── Provided data

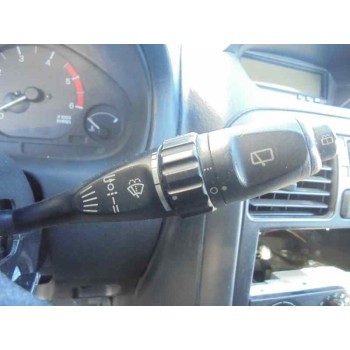 mitsubishi carisma berlina 5 (da0) del año 2001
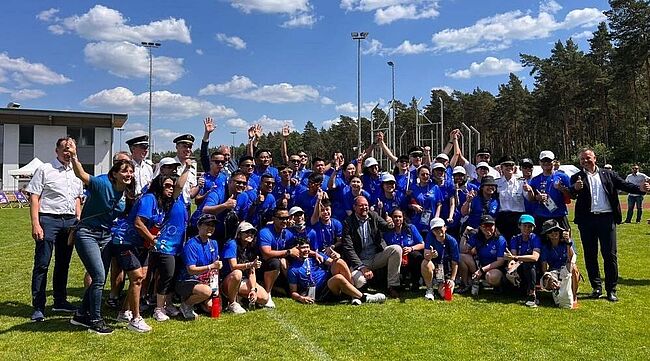 Börde County / an inclusive sportive welcome party for the Host Town Delegation on Singapore, here a souvenir photo, taken at the Waldstadion in Haldensleben.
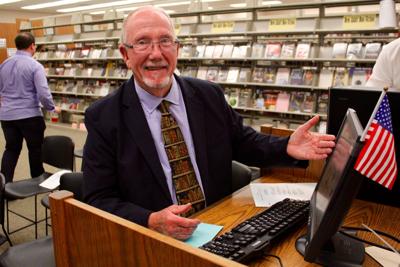 Former Director Honored For Library Growth News Desototimes Com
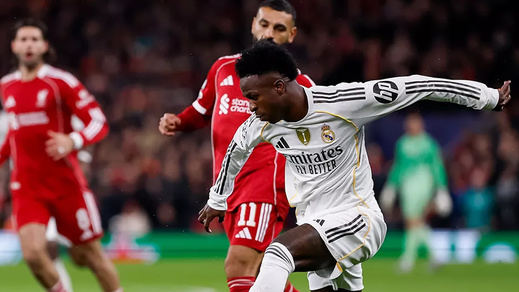 Vinicius, ante el Liverpool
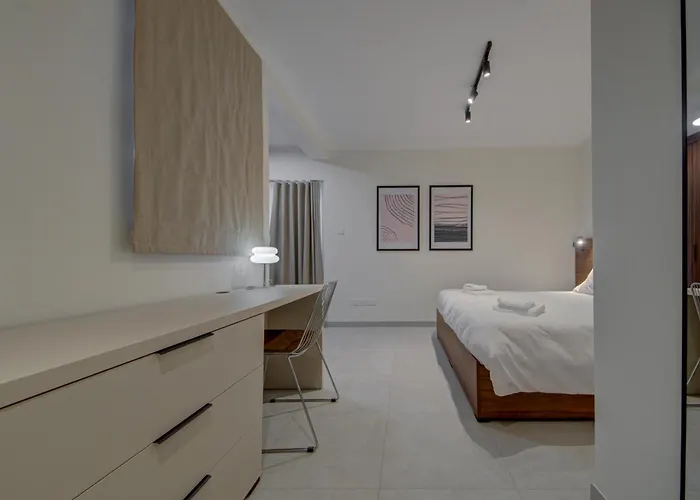 Apartament Juliet Residence, 2 , Your Away From In By Sf Homes Gzira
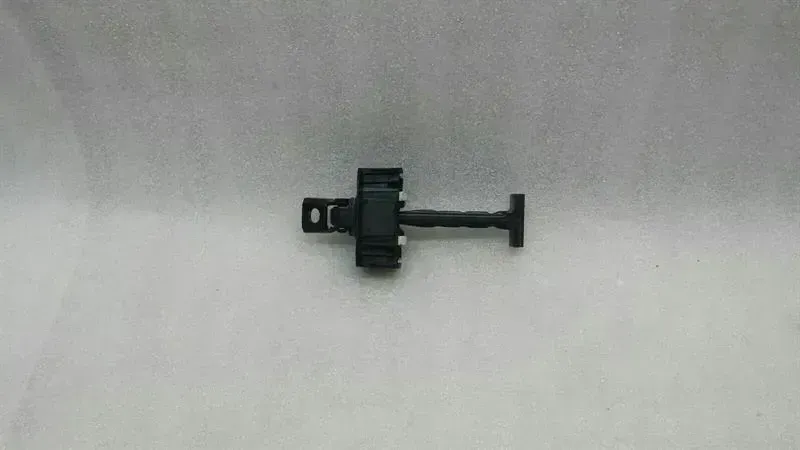 BMW 1 (E81 / E82 / E87 / E88) BMW 1 Series F21 F20 Front Door Brake 7269354 Front Door Limiter Body type: Hatchback
Fuel: Diesel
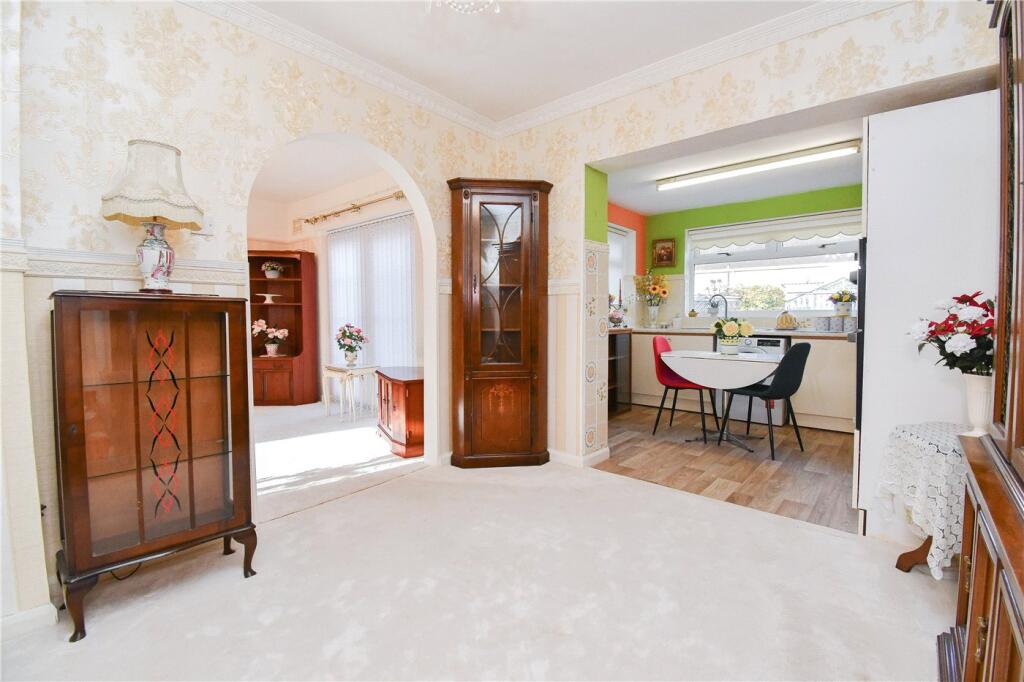 Additional property image - Heather Close, Great Sutton, Ellesmere Port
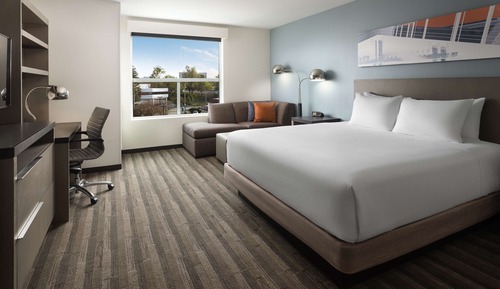 Room, 1 King Bed, Accessible, Bathtub (No Sofabed)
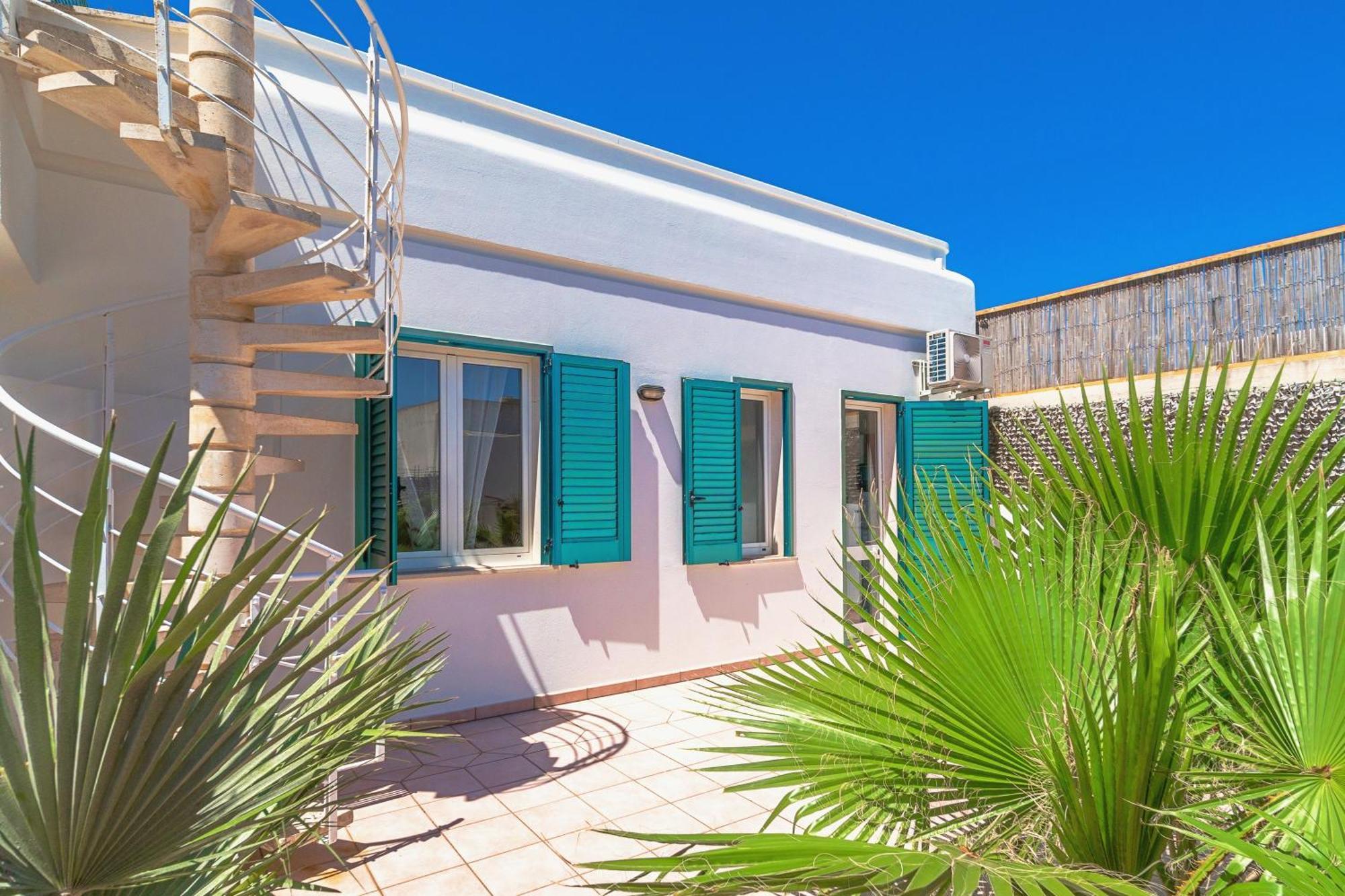 Residence Oasi Sul Mare Torre Suda Dış mekan fotoğraf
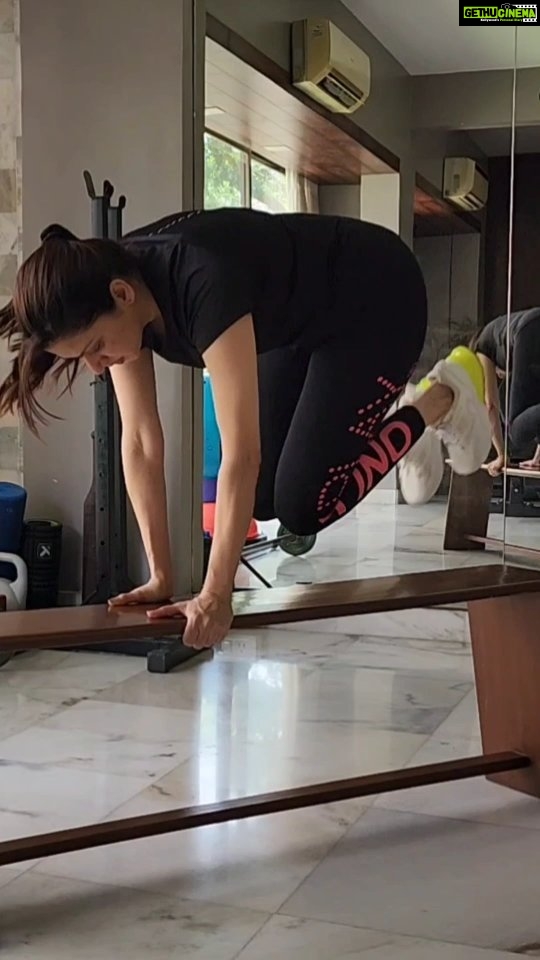 Bhagyashree Instagram - #tuesdaytipswithb Cardio should be an essential part of your workout. Not only is it a calorie burner but it also tests the optimum condition of your heart. Its like a stress test which helps you ascertain how well your levels of stamina and endurance are... and it can help you push to achieving a higher goal... specially during any sports training. However, make sure you never begin any cardio workout without a go ahead from your doctor and under proper supervision and guidance of a trainer. . #functionaltraining #workout #cardio #workoutmotivation #coreworkout #exercise #corestrength #legworkout #workoutmotivation #fitnessmotivation #bestrong #fitness #domorebemore #exercise #muscles #health #flexibility #mobility #strengthtraining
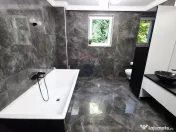 Apartament cu 5 camere de vânzare în zona Precista 
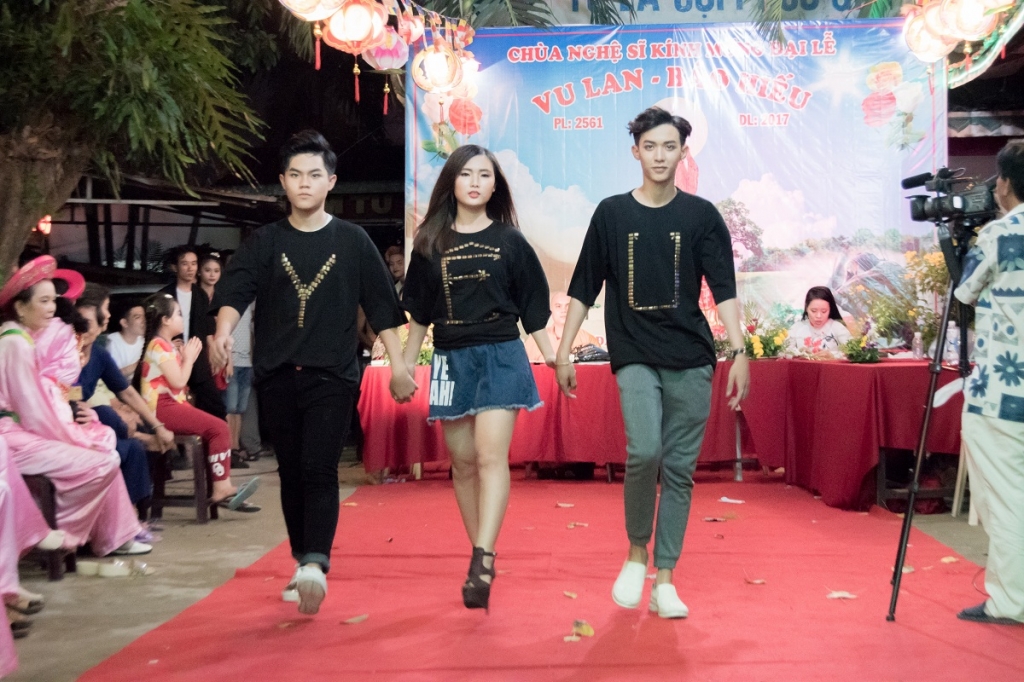 cac sao tre bieu dien phuc vu mua vu lan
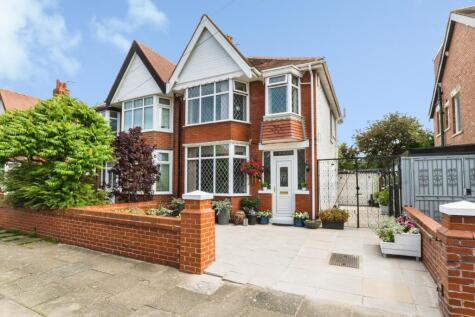Crestway, Blackpool, FY3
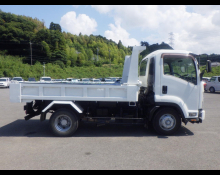 Isuzu Forward 2012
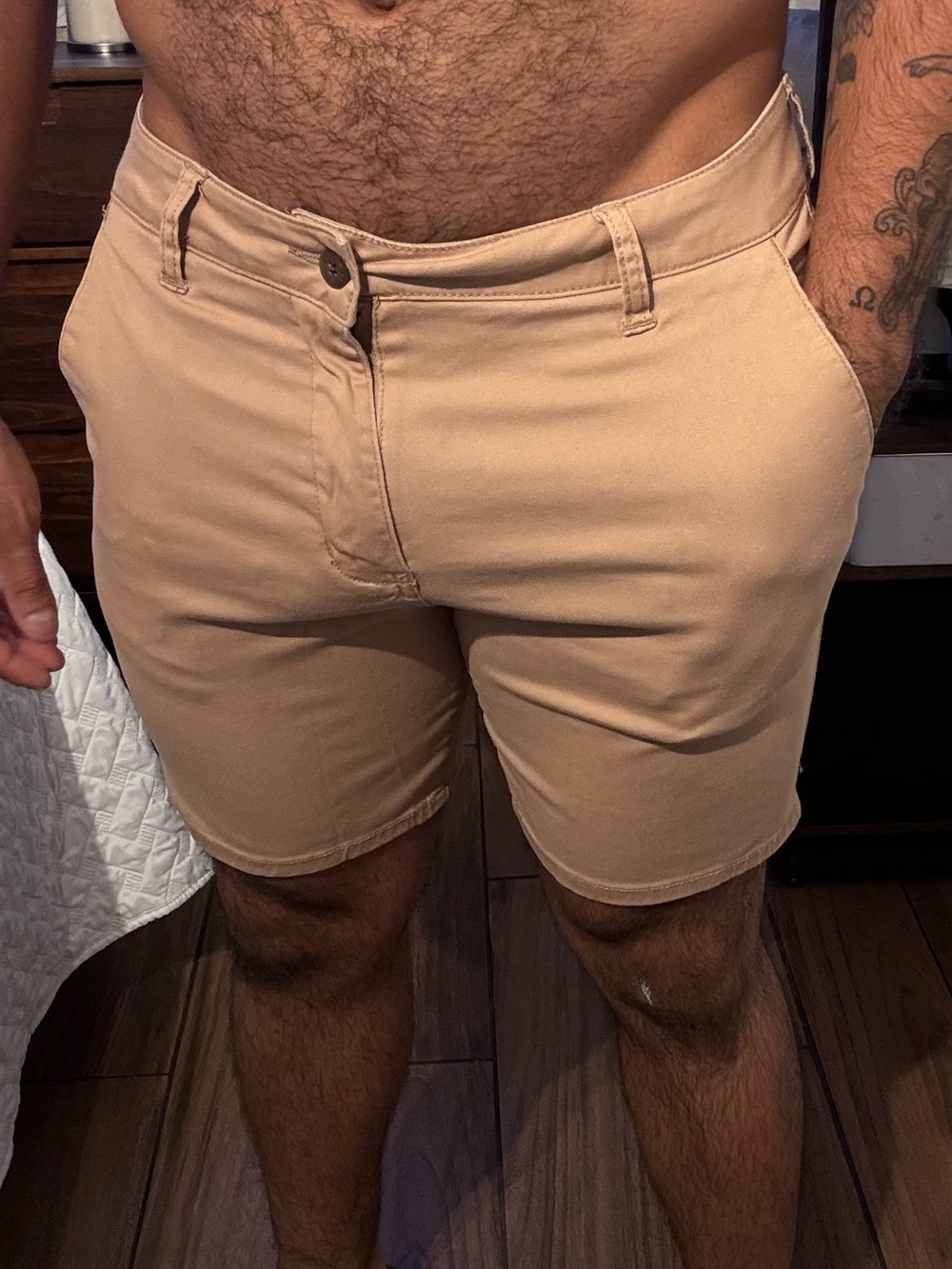 RSQ Men's Flat Front Chino Shorts in Tan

────

> **Your objective**: A faithful copy is needed of the lines from the one containing "Apartament cu 5" through the last line of the data above, with pictures left out.

> **Exercise output**:
 Apartament cu 5 camere de vânzare în zona Precista 
 cac sao tre bieu dien phuc vu mua vu lan
Crestway, Blackpool, FY3
 Isuzu Forward 2012
 RSQ Men's Flat Front Chino Shorts in Tan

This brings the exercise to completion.